▶ [Exercise]
Output exactly the lines below from the one containing "Vụ bé gái 13" to the last line, both included. Omit pictures.

▶ [Short descriptive text snippets]
□ □ □ □ □ □ □

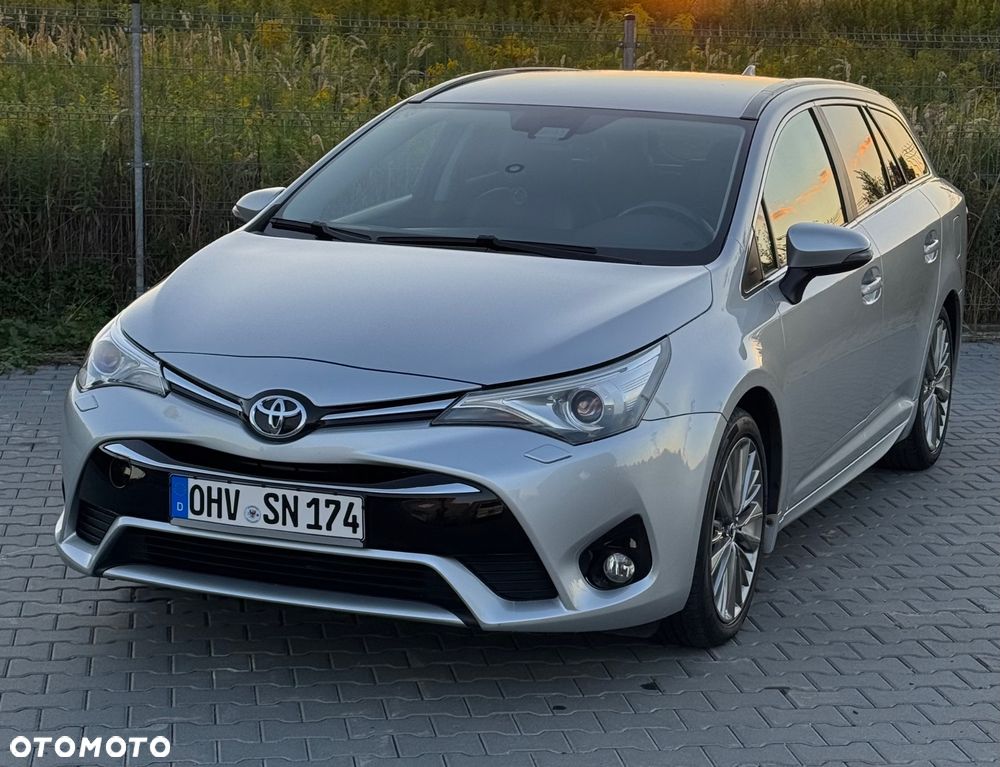 Toyota Avensis 1.8 Executive - 1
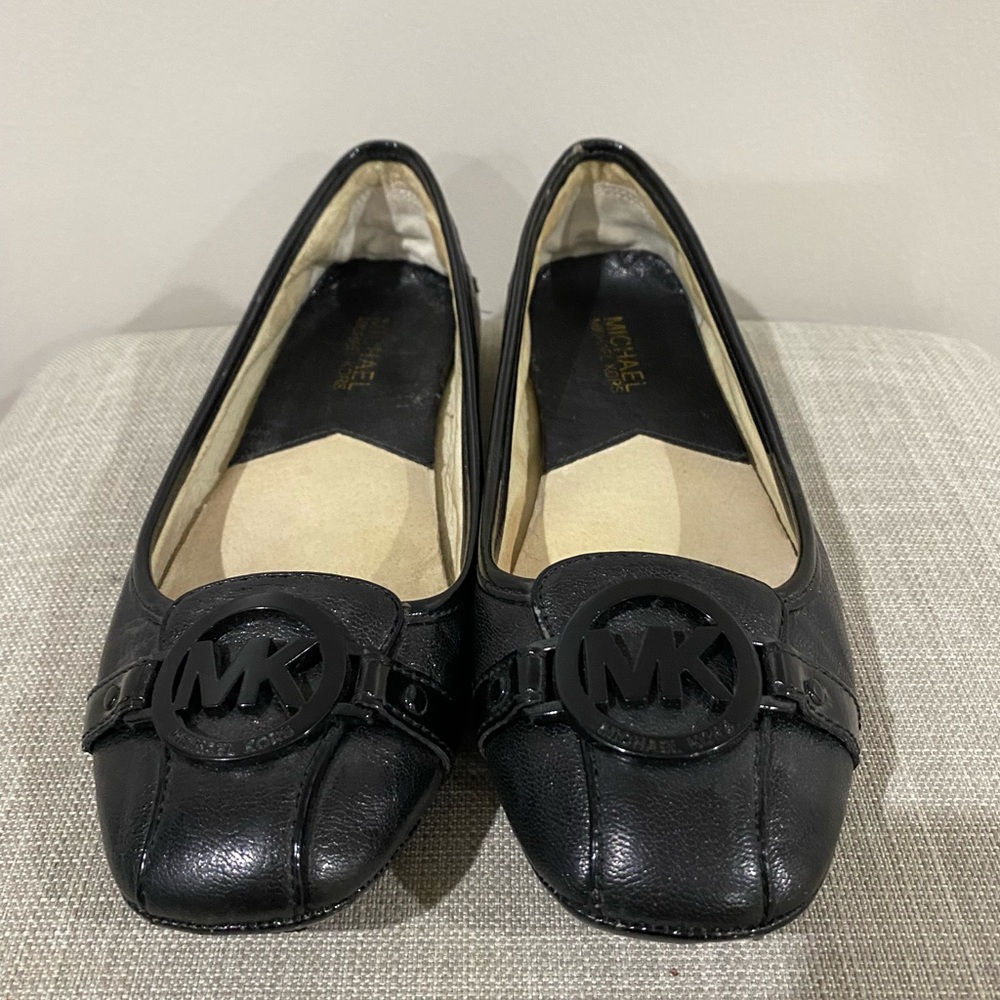 Michael Kors Black Leather Flats with Ruffle Detail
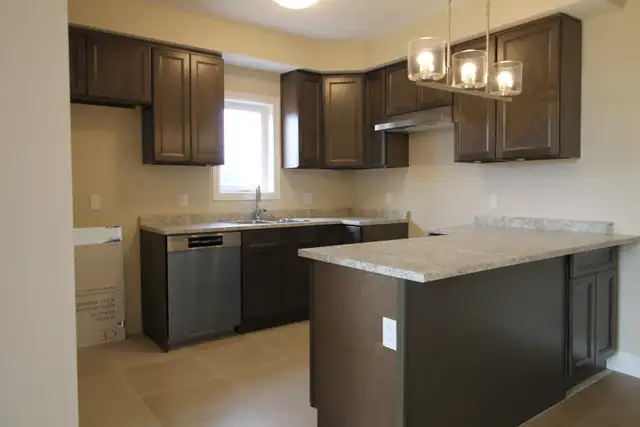 1 month free rent for Nov / Dec Move ins. 2 bed 1.5 bath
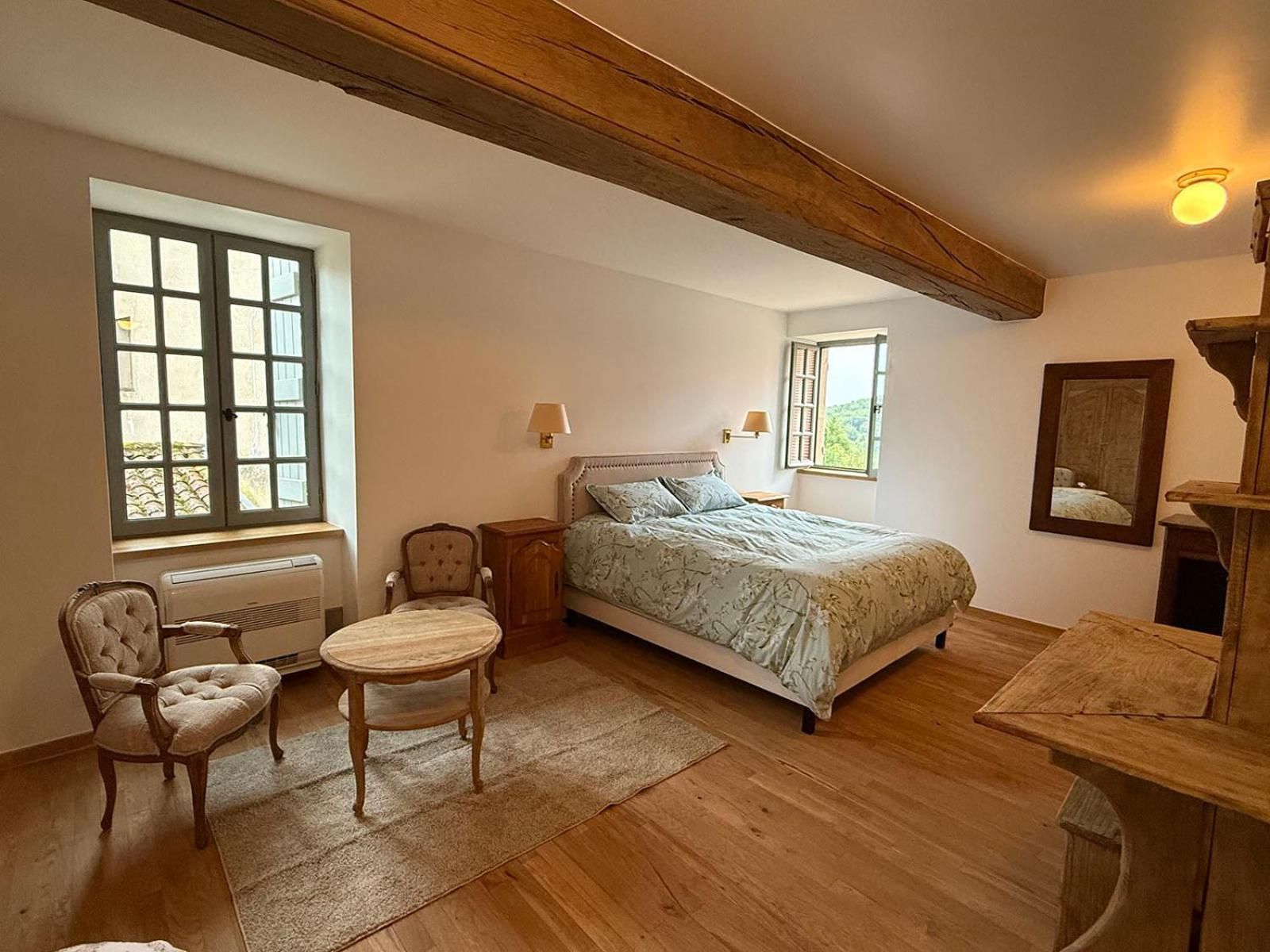 Deluxe Room (2 Adults + 1 Child)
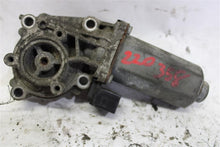 Load image into Gallery viewer, TRANSFER CASE ACTUATOR MOTOR LR3 LR4 Range Rover Range Rover Sport 05-15 - 1149979
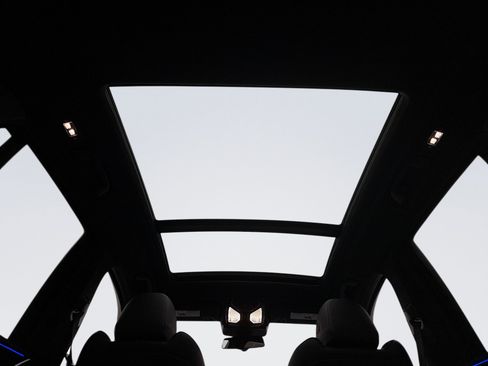 Used 2022 BMW X3 xDrive30i w/ Convenience Package image 18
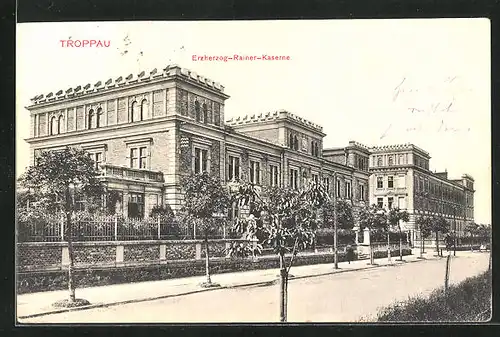 AK Troppau, Erzherzog-Rainer-Kaserne mit Strassenpartie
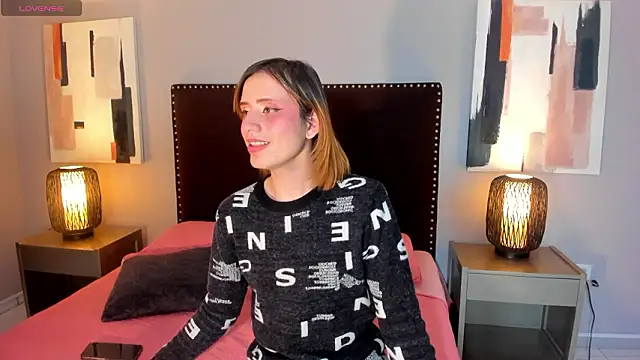 Snapshot of seraphine_star chatting on 02/18/26, 02:53 seraphine star online show from 02/18/26, 02:53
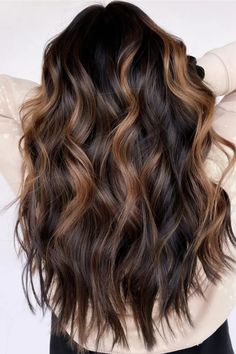 Couleur caramel est l'une des teintes les plus populaires de la saison. Et c'est exactement la raison pour laquelle vous devriez la choisir pour vos mèches. credit photo: instagram @live_love_dohair Blonde Highlights For Summer, Hair With Chunky Highlights, Brown Hair Color With Highlights, Heavy Highlights On Dark Hair, Ecaille Hair, Winter Hair Colour For Blondes, Colorful Hair Ideas, Heavy Highlights, Honey Brown Hair Color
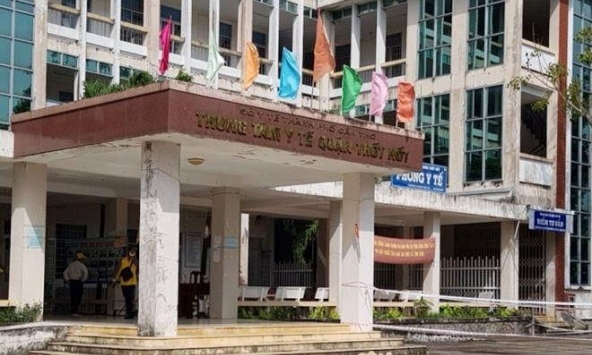 Vụ bé gái 13 tuổi được tiêm vaccine phòng COVID-19: Giám đốc Trung tâm Y tế quận bị đình chỉ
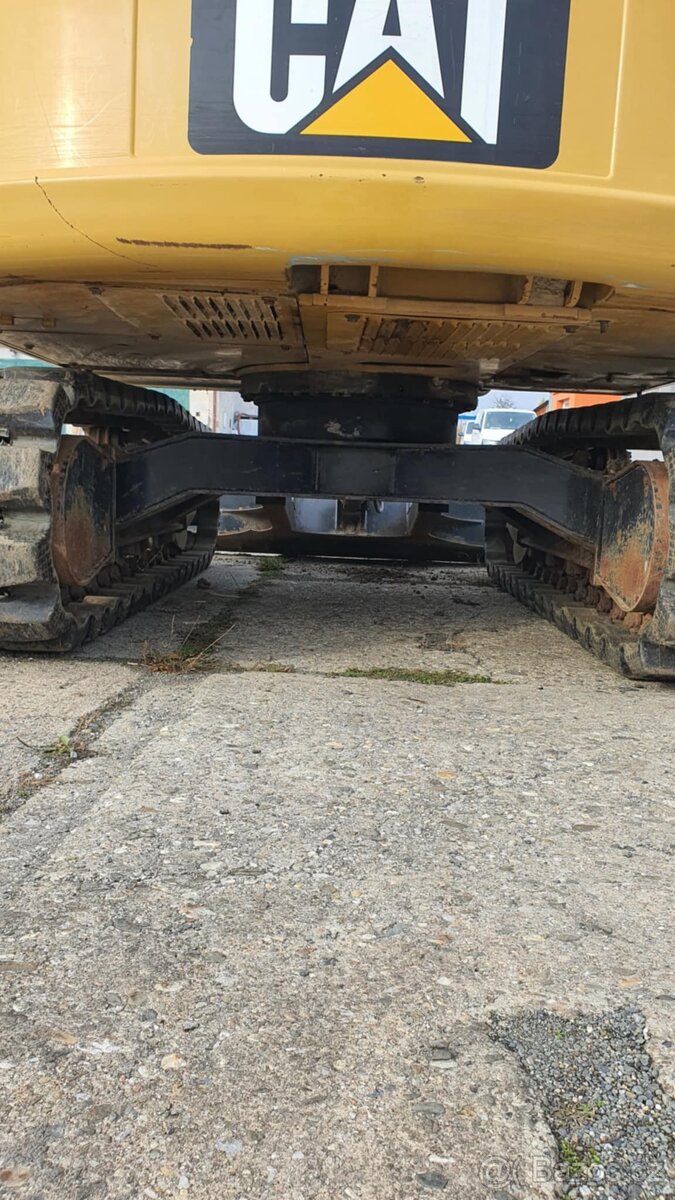 Caterpillar 307C - 12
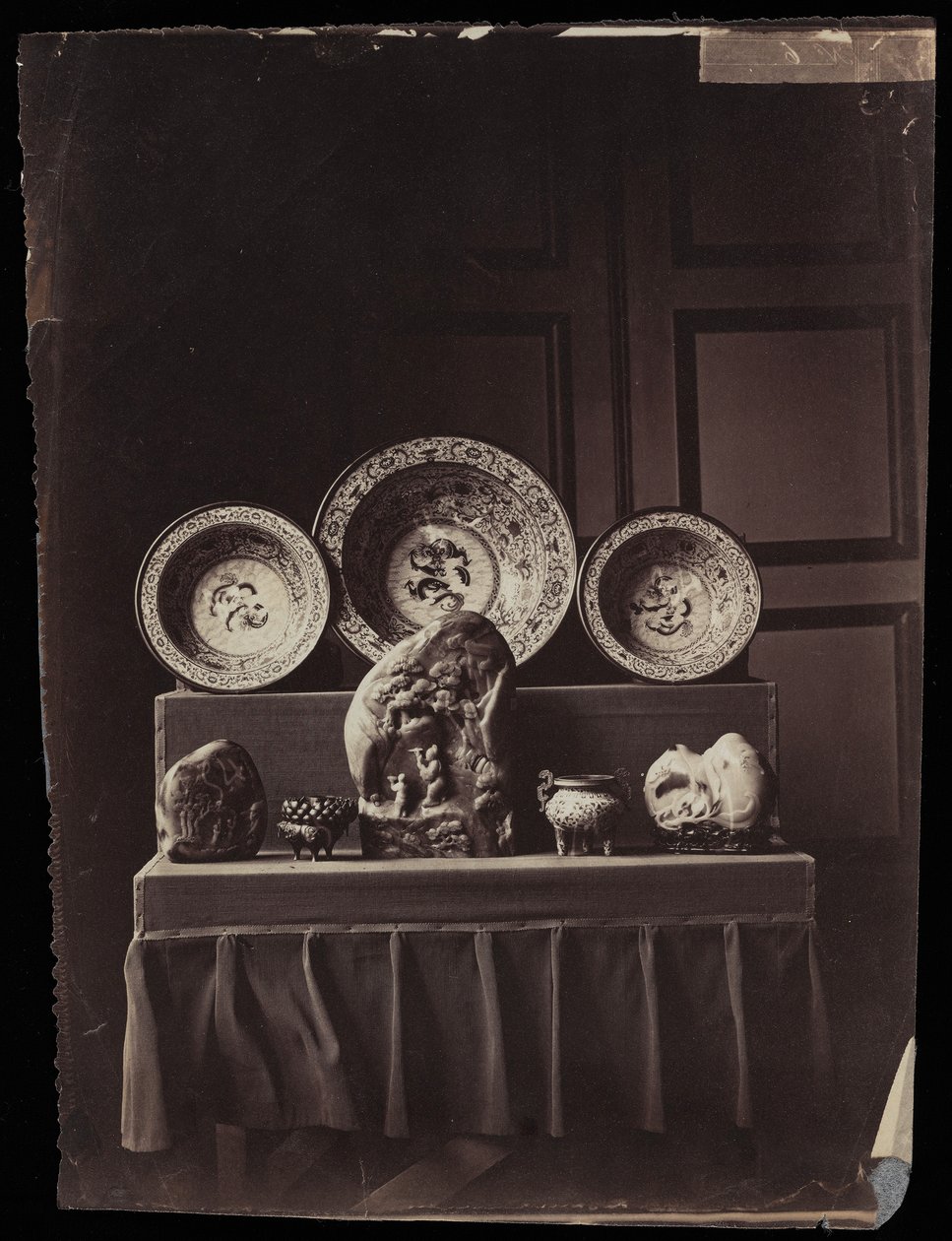 Utställning i kejsarinnan Eugenies kinesiska museum i Fontainebleau, ca 1861 (albumintryck) av Andre Adolphe Eugene Disderi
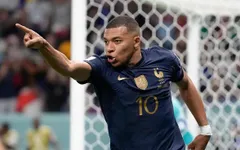 World Cup 2022: Kylian Mbappe xô đổ hàng loạt kỷ lục của các huyền thoại sau trận Pháp - Đan Mạch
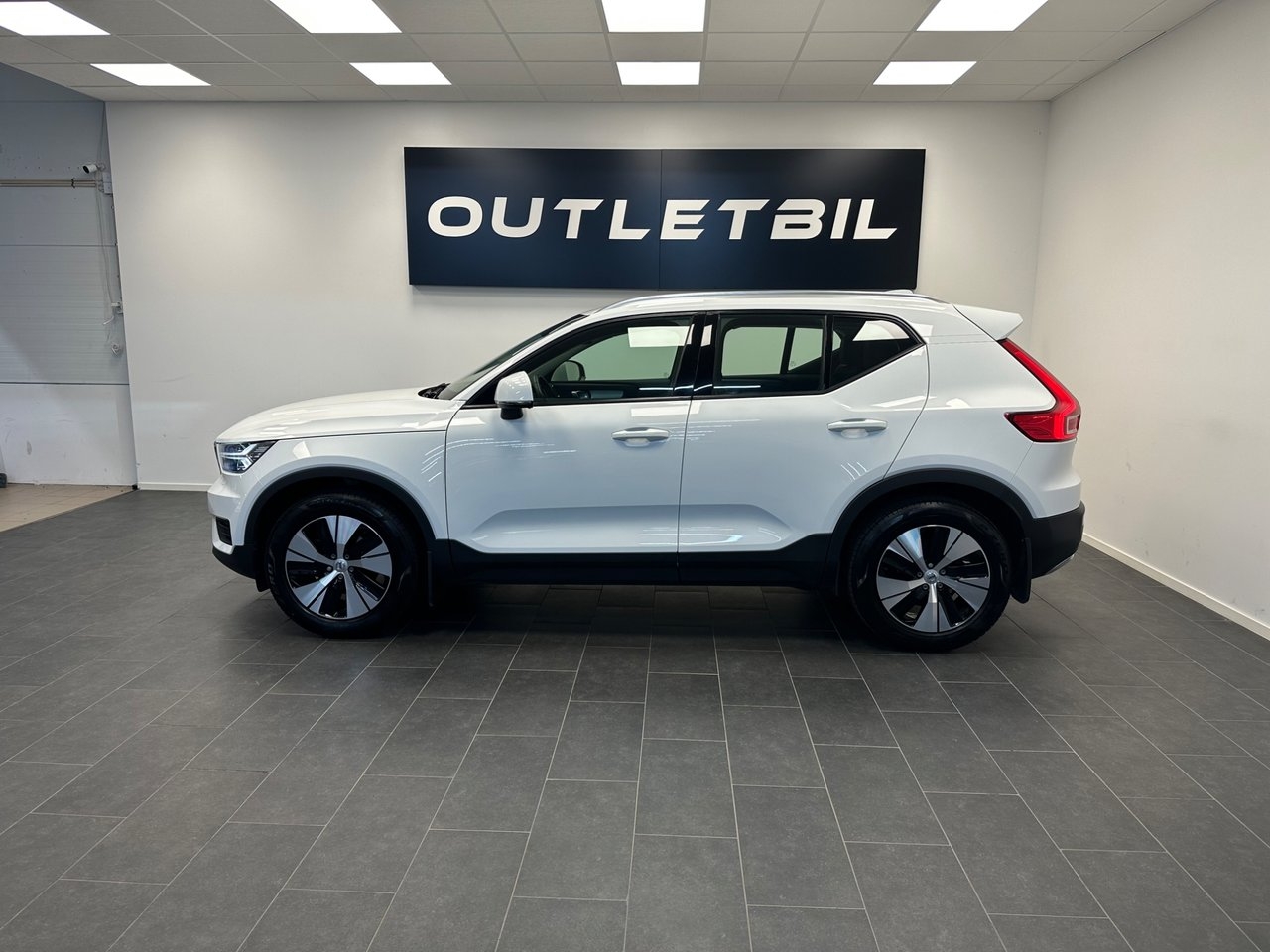Volvo XC40 T3 Geartronic Momentum 2022, bild 2/10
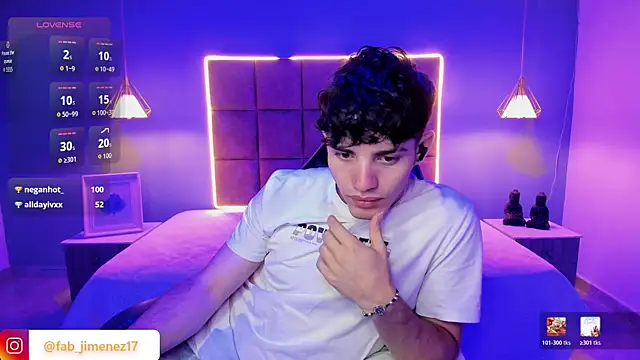 AlejooTwink XXX чат на живо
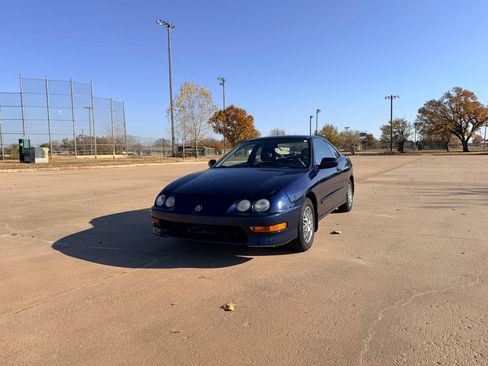 Used 1998 Acura Integra LS image 4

□ □ □ □ □ □ □

▶ [Output of the task]
 Vụ bé gái 13 tuổi được tiêm vaccine phòng COVID-19: Giám đốc Trung tâm Y tế quận bị đình chỉ
 Caterpillar 307C - 12
 Utställning i kejsarinnan Eugenies kinesiska museum i Fontainebleau, ca 1861 (albumintryck) av Andre Adolphe Eugene Disderi
 World Cup 2022: Kylian Mbappe xô đổ hàng loạt kỷ lục của các huyền thoại sau trận Pháp - Đan Mạch
Volvo XC40 T3 Geartronic Momentum 2022, bild 2/10
 AlejooTwink XXX чат на живо
 Used 1998 Acura Integra LS image 4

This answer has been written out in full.